**TASK INSTRUCTIONS**. Scan the data below and state the number of lines that include the word "Holz", adding no comment.
::::::
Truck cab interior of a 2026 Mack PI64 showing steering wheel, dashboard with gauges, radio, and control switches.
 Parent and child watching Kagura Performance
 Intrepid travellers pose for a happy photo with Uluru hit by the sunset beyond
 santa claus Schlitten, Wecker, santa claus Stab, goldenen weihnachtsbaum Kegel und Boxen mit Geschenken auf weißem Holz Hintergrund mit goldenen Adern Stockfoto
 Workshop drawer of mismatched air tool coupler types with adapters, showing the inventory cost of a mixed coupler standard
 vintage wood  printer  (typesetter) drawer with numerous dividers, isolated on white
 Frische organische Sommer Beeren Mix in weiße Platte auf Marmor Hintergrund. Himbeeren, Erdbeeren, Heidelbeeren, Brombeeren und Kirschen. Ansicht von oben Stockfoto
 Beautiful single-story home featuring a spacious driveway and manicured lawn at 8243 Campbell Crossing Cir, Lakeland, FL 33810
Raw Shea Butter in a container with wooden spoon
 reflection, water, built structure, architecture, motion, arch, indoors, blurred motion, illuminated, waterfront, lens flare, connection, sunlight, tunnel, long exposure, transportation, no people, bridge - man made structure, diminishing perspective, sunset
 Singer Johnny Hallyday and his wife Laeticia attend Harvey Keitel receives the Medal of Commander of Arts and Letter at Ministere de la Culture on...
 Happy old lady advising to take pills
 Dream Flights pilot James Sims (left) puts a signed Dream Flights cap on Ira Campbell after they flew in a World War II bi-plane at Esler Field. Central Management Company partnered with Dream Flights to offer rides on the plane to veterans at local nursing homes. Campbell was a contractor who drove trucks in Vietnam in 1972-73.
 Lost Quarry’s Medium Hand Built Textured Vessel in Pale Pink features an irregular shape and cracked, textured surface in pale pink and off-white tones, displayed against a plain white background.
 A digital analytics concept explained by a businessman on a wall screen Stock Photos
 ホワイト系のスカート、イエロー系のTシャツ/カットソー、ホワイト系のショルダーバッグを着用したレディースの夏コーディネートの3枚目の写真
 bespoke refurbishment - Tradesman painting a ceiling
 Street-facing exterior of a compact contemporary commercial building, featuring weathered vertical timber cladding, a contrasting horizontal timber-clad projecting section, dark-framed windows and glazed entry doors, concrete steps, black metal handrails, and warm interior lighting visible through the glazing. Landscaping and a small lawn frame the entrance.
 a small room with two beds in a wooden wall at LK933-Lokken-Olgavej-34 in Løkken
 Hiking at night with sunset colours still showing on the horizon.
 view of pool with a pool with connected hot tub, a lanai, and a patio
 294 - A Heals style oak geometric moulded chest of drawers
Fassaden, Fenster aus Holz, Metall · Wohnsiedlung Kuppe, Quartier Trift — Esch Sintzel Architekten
::::::
**RESULT BELOW**. 2